Efficient way to fold list in scala, while avoiding allocations and vars

I have a bunch of items in a list, and I need to analyze the content to find out how many of them are "complete". I started out with partition, but then realized that I didn't need to two lists back, so I switched to a fold:
val counts = groupRows.foldLeft( (0,0) )( (pair, row) =>
if(row.time == 0) (pair._1+1,pair._2)
else (pair._1, pair._2+1)
)
but I have a lot of rows to go through for a lot of parallel users, and it is causing a lot of GC activity (assumption on my part...the GC could be from other things, but I suspect this since I understand it will allocate a new tuple on every item folded).
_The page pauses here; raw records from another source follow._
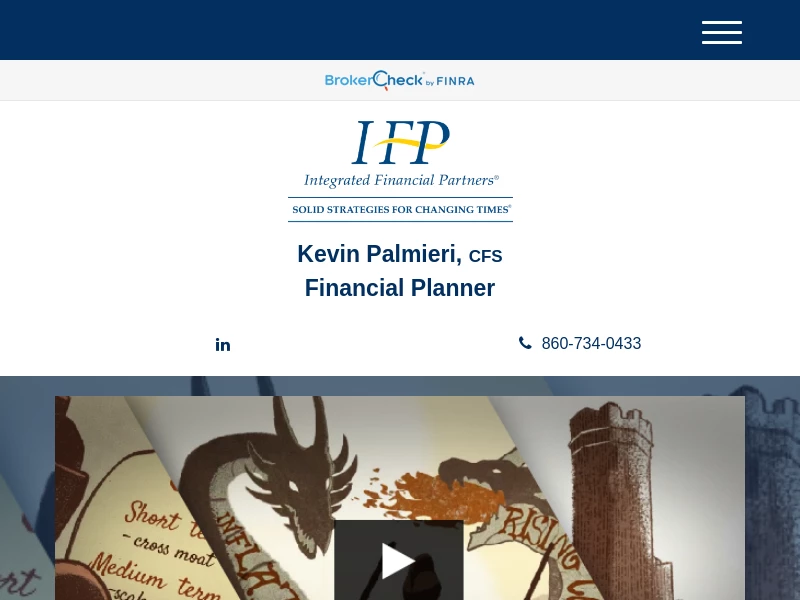 Home | Integrated Financial Partners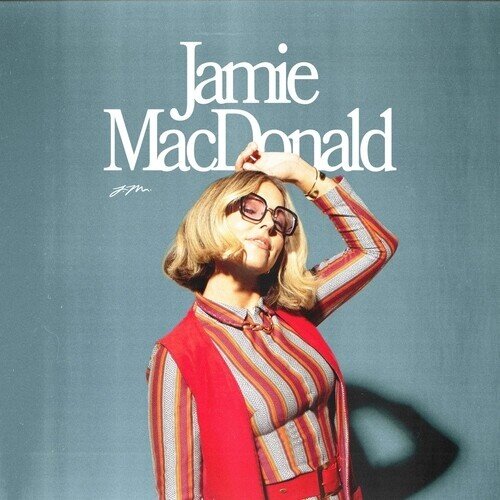 Jamie MacDonald - --- LP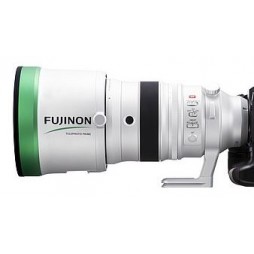 FUJIFILM FUJINON XF 200 mm F2 R LM OIS WR mit FUJINON XF1.4X TC F2 WR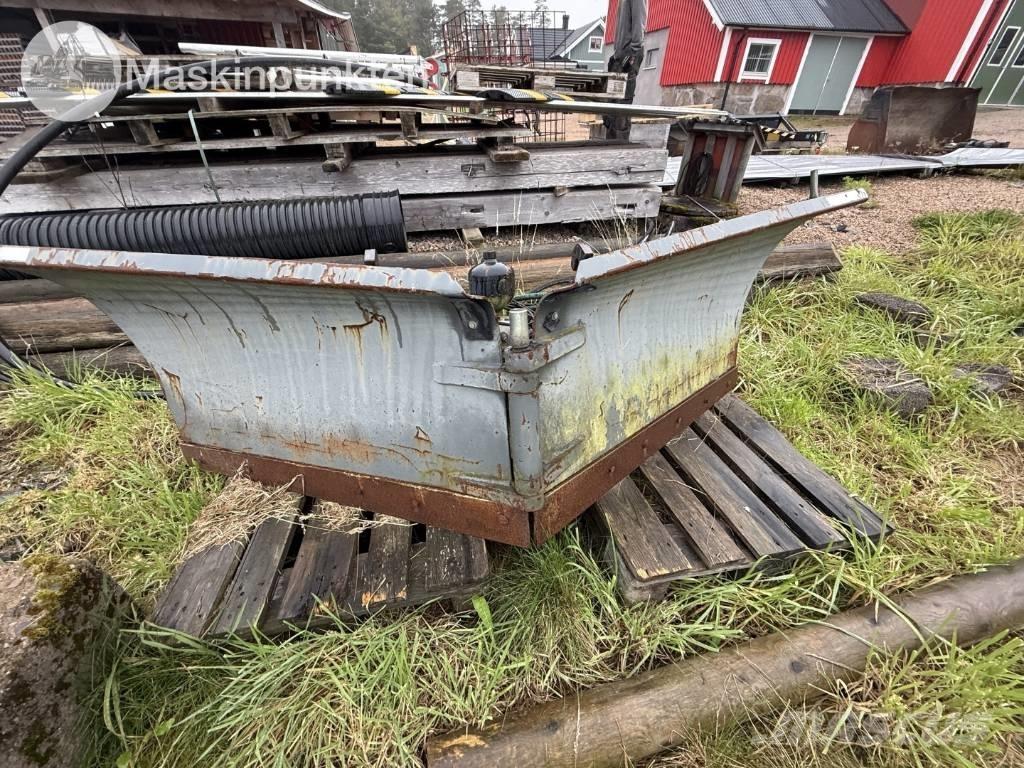 Tellefsdal Vikplog Plows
for the time being, I've rewritten this as
var complete = 0
var incomplete = 0
list.foreach(row => if(row.time != 0) complete += 1 else incomplete += 1)
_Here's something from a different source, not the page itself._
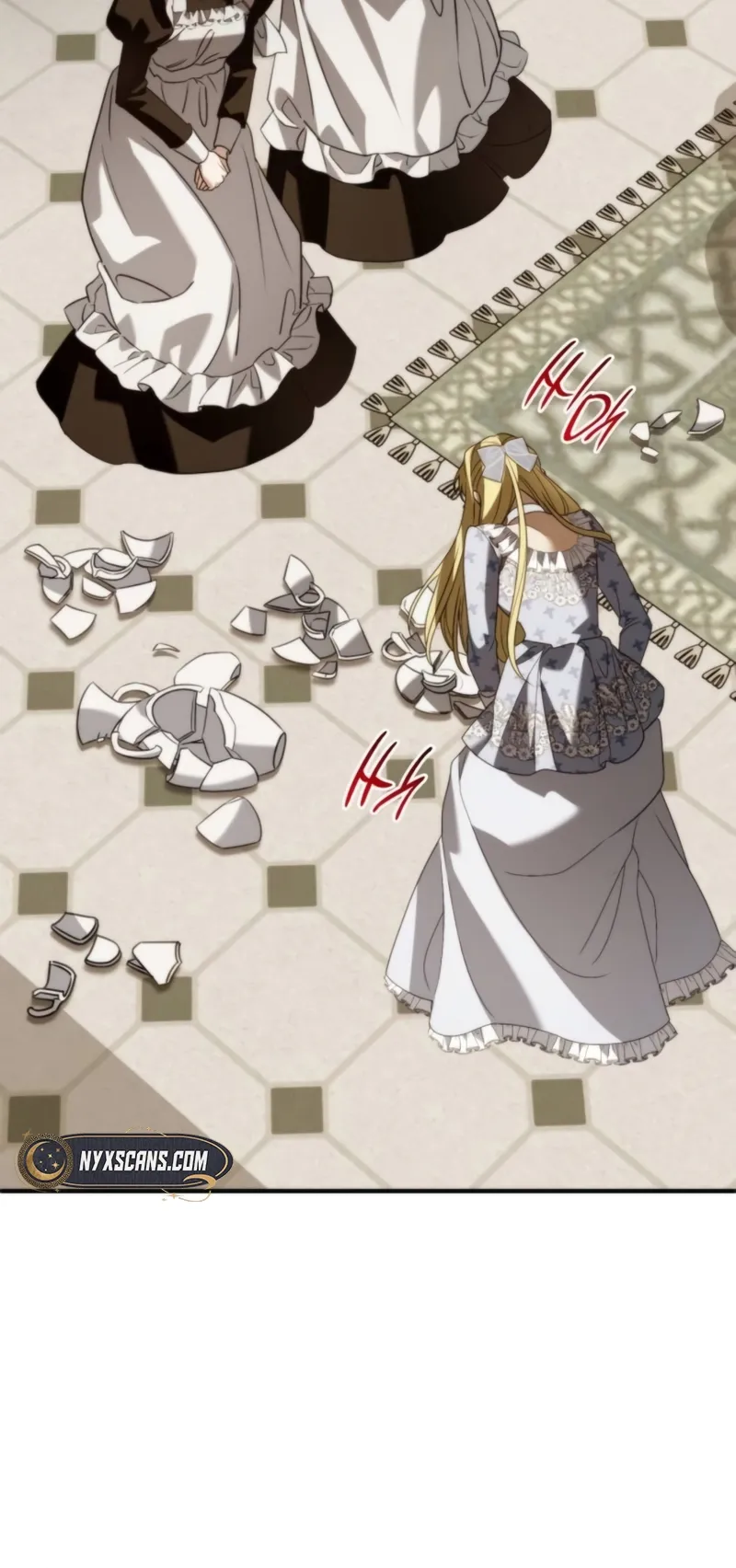 Read To the Noble and the Vile You Manga Online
which fixes the GC, but introduces vars.
I was wondering if there was a way of doing this without using vars while also not abusing the GC?
EDIT:
Hard call on the answers I've received. A var implementation seems to be considerably faster on large lists (like by 40%) than even a tail-recursive optimized version that is more functional but should be equivalent.
The first answer from dhg seems to be on-par with the performance of the tail-recursive one, implying that the size pass is super-efficient...in fact, when optimized it runs very slightly faster than the tail-recursive one on my hardware.
The cleanest two-pass solution is probably to just use the built-in count method:
val complete = groupRows.count(_.time == 0)
val counts = (complete, groupRows.size - complete)
But you can do it in one pass if you use partition on an iterator:
val (complete, incomplete) = groupRows.iterator.partition(_.time == 0)
val counts = (complete.size, incomplete.size)
This works because the new returned iterators are linked behind the scenes and calling next on one will cause it to move the original iterator forward until it finds a matching element, but it remembers the non-matching elements for the other iterator so that they don't need to be recomputed.
Example of the one-pass solution:
scala> val groupRows = List(Row(0), Row(1), Row(1), Row(0), Row(0)).view.map{x => println(x); x}
scala> val (complete, incomplete) = groupRows.iterator.partition(_.time == 0)
Row(0)
Row(1)
complete: Iterator[Row] = non-empty iterator
incomplete: Iterator[Row] = non-empty iterator
scala> val counts = (complete.size, incomplete.size)
Row(1)
Row(0)
Row(0)
counts: (Int, Int) = (3,2)
I see you've already accepted an answer, but you rightly mention that that solution will traverse the list twice. The way to do it efficiently is with recursion.
def counts(xs: List[...], complete: Int = 0, incomplete: Int = 0): (Int,Int) =
xs match {
case Nil => (complete, incomplete)
case row :: tail =>
if (row.time == 0) counts(tail, complete + 1, incomplete)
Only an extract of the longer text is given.